2011年度
(前期)レヴィナス『倫理と無限』を読む(水曜5限・フランス語圏文化論A)
現象学や存在論に依拠しつつ、西洋哲学が見落としてきた他者の倫理学を根本的な仕方で探究したユダヤ人思想家エマニュエル・レヴィナス。レヴィナスは、知の体系や論理的秩序によって倫理を基礎づけ、倫理の学を洗練させるのではなく、西洋のモノローグ的な思考に抗して倫理の根源を問い続けた。難解にみえるレヴィナス思想だが、ラジオ対談『倫理と無限』は平易な語り口で彼の経歴や著作、重要概念が簡潔に解説されており、入門的テクストとして定評がある。『倫理と無限』(西山雄二訳、ちくま学芸文庫、2010年)を通読することでレヴィナス思想の今日的意義を考える。
4/13 ガイダンス
4/20「レヴィナスとは誰か?」発表:平山雄太
4/27 第一章 西山
5/11 「世界」(岩波書店)2011年5月号「東日本大震災・原発災害 特別編集」を読む
5/18 第二章 新田 5/25 第三章 川野
6/1 発表「オルフェウスについて」久津間靖英
6/8 第四章 横田 6/15 第五章 小玉
6/22 第六章 仙石+第七章 大木
6/29 第八章 水上+第九章 井上 7/6 第十章 山下
7/13 公開セミナー「レヴィナス『倫理と無限』を読む」 馬場智一(東京外国語大学非常勤講師)
7/20 まとめ
【演習を終えて】
レヴィナス『倫理と無限』の通読演習が終了した。

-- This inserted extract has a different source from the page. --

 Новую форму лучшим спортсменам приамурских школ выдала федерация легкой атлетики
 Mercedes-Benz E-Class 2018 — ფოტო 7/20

自分の訳書だし、入門書なので容易いだろうと思っていたが、やはりレヴィナスは手強かった。「ある」「光」「糧」「エロス」「顔」「秘密」「責任」など、何気ない言葉をその哲学の核心に据えているけれども、あるいはそのためにこそ、構築された彼の知的世界は奥深い。現象学の手法に即して、「私」がいかに数多くの他なるものと関わり、貫かれ、その力と言葉を加えられて生きているのかが、根本的な仕方で解き解されていくのだ。
今回は後半、受講生の方にレヴィナス・アレルギーが発症してきたことに満足した。「無限者の栄光の証し」など、宗教的な表現が登場し、「結局、レヴィナスの倫理学は宗教思想に裏打ちされているものでしかない」という拒絶感が湧き上がる。ただ、それはレヴィナスを理解し始めた証拠。私自身最初はそう思った。倫理を学として構築するのではなく、実存するこの私を起点として倫理の意味を考えると、なぜこうした宗教的な構造を帯びてしまうのか。超越的な他者との関わりが問題となってくるのか。このアレルギーはさらに思考を駆動させる。そして、その原因であるレヴィナスの思考がいかに力強くてラディカルなものであるかを思い知らされる。
東日本大震災があった。震災、津波、原発という三重のカタストロフィがあり、現在進行中だ。とりわけ、五千もの行方不明者に日本列島が見つめられているとふとした瞬間に思い、異例の事態だと痛感する。にもかかわらず、ナショナルな目線で被災地復興が叫ばれ(「頑張れ日本」)、原発再開の無遠慮な言葉も聞こえ、さらに異常な事態だなと怖れおののく。進行中のカタストロフィの最中でとり組んだ、今回の演習は実に濃密だった。毎回丁寧に準備していただいた発表者と参加者の皆さんのおかげで、「倫理と無限」がより重要な主題となった。避難した子供がうつろな調子でつぶやく、「早くお家に帰りたい」――その小さな言葉にいまはまだ十分に応答できない、だから、これからももっともっと勉強したい。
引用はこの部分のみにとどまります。